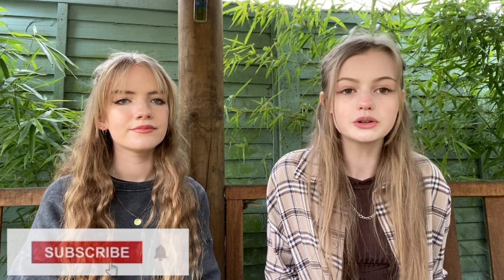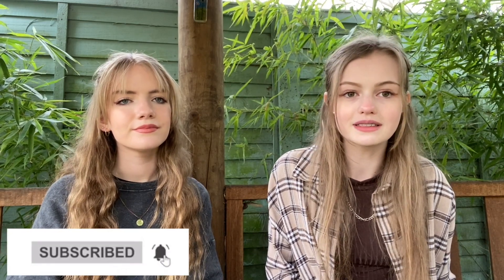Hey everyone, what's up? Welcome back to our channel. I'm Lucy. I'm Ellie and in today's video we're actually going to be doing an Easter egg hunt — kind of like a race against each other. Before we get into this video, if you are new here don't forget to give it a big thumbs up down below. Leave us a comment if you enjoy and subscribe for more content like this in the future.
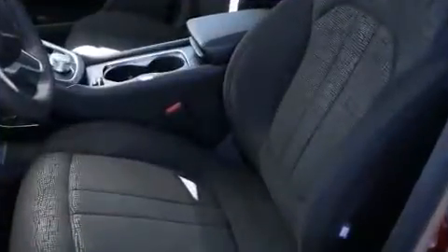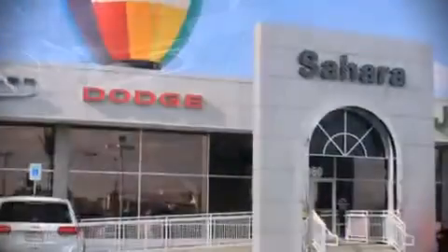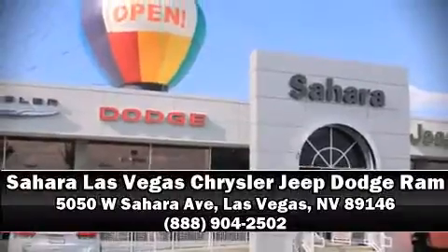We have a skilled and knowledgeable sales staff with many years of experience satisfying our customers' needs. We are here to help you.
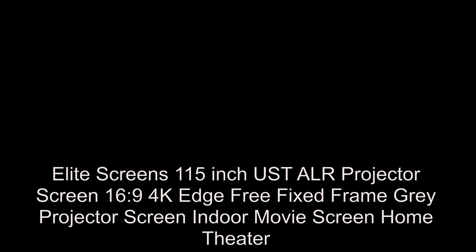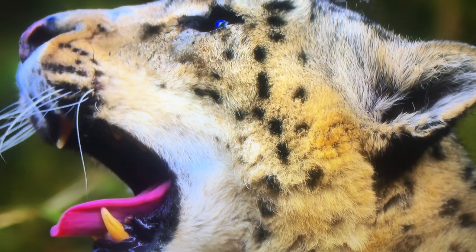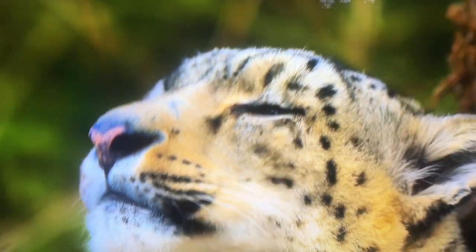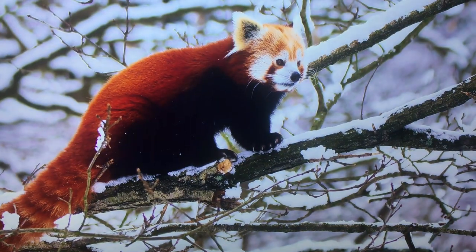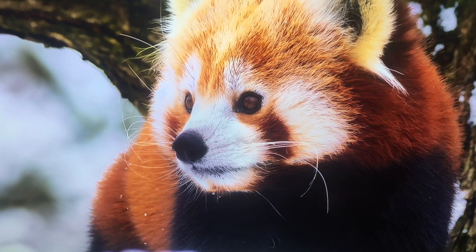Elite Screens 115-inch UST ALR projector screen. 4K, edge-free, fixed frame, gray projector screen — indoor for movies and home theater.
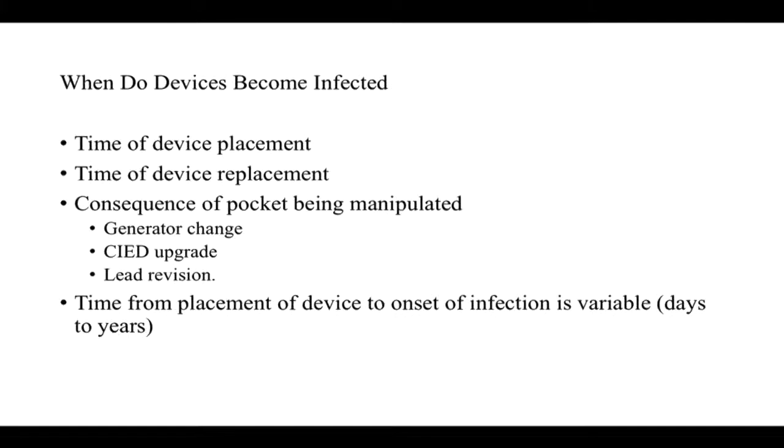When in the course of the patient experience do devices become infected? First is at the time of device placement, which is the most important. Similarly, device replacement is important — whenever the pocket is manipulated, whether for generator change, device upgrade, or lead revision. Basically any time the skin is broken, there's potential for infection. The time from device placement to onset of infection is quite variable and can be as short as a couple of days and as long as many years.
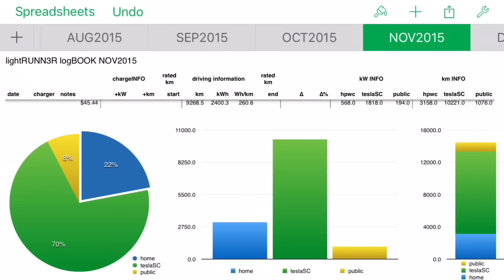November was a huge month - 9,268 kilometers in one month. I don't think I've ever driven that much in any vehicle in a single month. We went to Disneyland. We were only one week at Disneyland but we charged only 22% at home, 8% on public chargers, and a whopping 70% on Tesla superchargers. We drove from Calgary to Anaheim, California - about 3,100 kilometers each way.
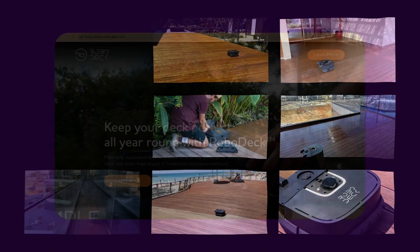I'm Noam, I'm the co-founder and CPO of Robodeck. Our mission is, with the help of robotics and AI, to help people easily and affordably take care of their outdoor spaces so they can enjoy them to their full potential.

■ YOUR INSTRUCTIONS: The pictures alone are to be left out when the data above is copied; all else must match exactly.

■ ANSWER:
Hey everyone, what's up? Welcome back to our channel. I'm Lucy. I'm Ellie and in today's video we're actually going to be doing an Easter egg hunt — kind of like a race against each other. Before we get into this video, if you are new here don't forget to give it a big thumbs up down below. Leave us a comment if you enjoy and subscribe for more content like this in the future.
We have a skilled and knowledgeable sales staff with many years of experience satisfying our customers' needs. We are here to help you.
Elite Screens 115-inch UST ALR projector screen. 4K, edge-free, fixed frame, gray projector screen — indoor for movies and home theater.
When in the course of the patient experience do devices become infected? First is at the time of device placement, which is the most important. Similarly, device replacement is important — whenever the pocket is manipulated, whether for generator change, device upgrade, or lead revision. Basically any time the skin is broken, there's potential for infection. The time from device placement to onset of infection is quite variable and can be as short as a couple of days and as long as many years.
November was a huge month - 9,268 kilometers in one month. I don't think I've ever driven that much in any vehicle in a single month. We went to Disneyland. We were only one week at Disneyland but we charged only 22% at home, 8% on public chargers, and a whopping 70% on Tesla superchargers. We drove from Calgary to Anaheim, California - about 3,100 kilometers each way.
I'm Noam, I'm the co-founder and CPO of Robodeck. Our mission is, with the help of robotics and AI, to help people easily and affordably take care of their outdoor spaces so they can enjoy them to their full potential.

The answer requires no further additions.